This route is not for those who get disconcerted or annoyed at having too many choices to make! But if you're willing to just go for it and pick a line as you go, it's uniquely rewarding, always giving up super classic sequences that weren't visually apparent until you get to them.

Summary:

Start at highest tree on the lowest-angle buttress available, pick best line upward from there; when good crack system runs out, follow super pink dike up and right for a long way until you begin to confront the Furrows; climb a Furrow, then aim for the Hanging Gardens above; after that it's easy.

Unabridged version:

First take a good look at the existing route photo and/or any additional ones that get filed here.

Contouring around the base of Charlotte Dome, you go a little past the point of being due south of the summit. What you're looking for is where the dome has a foot/buttress that sticks out and creates a lower-angled way to go, compared to steeper areas to either side of it.
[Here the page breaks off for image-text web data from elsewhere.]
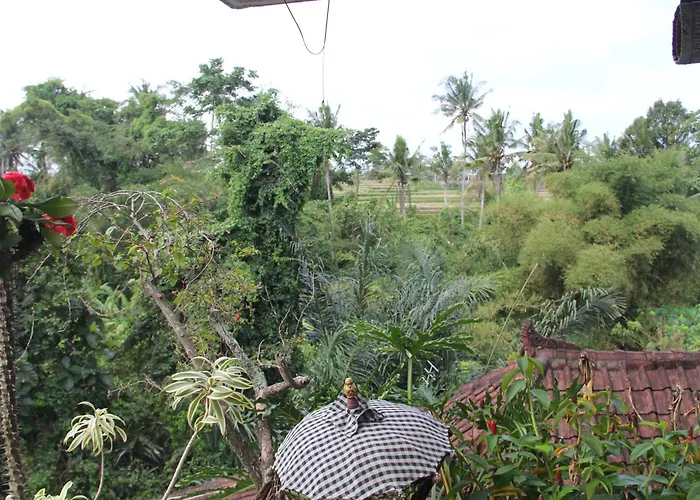 Ogek Home Stay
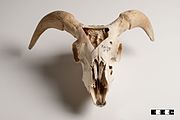 Goat skull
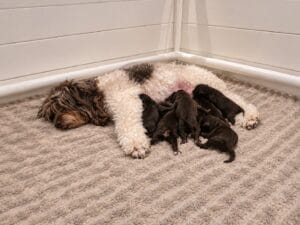 Coco ligt met haar pasgeboren pups in de werpkist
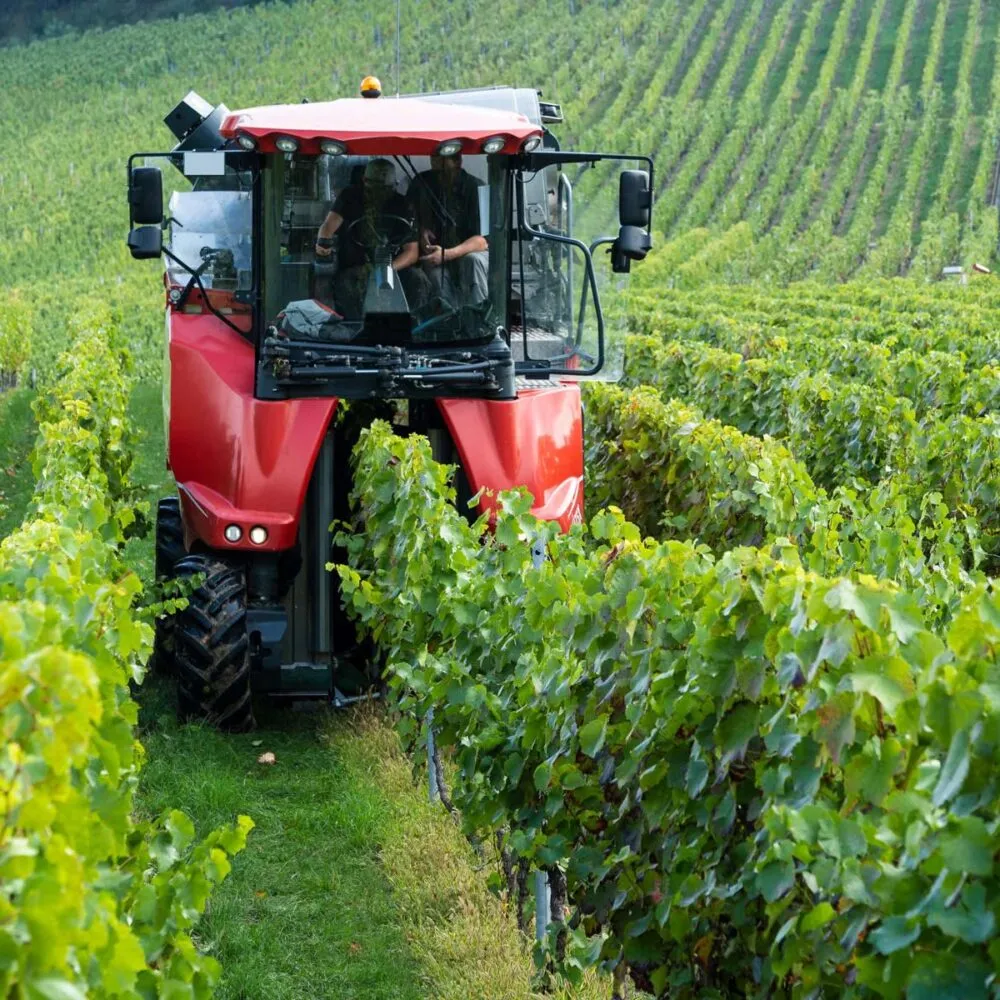 Mechanical harvester operating between wide vineyard rows for efficient vineyard row spacing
The starting point is unmistakeably marked by one large pine tree that stands apart from any others, plus one smaller pine directly uphill from the first pine. If you look up from here you see many crack systems. Many of them are good, but if you pay close attention to the ones you choose, you'll see the telltale signs that climbers have passed by before: a little wear on the flakes, less lichen on footholds, and if you're lucky (or not) you might see a touch of chalk on the knobs.

Even if you can't find any sign of which crack system seems right, once you've started from the trees, you pretty much charge (carefully) uphill. Any time your line turns out to be less than the best choice, you get to either make a 5.9 traverse move or two to a better crack, or back up 10-15 feet and fix your mistake.

In case it helps you to look five or six pitches ahead and make a mental note of where you're aiming for: as you are climbing the first two pitches of the route, the middle pitches are seen as the right skyline far above you.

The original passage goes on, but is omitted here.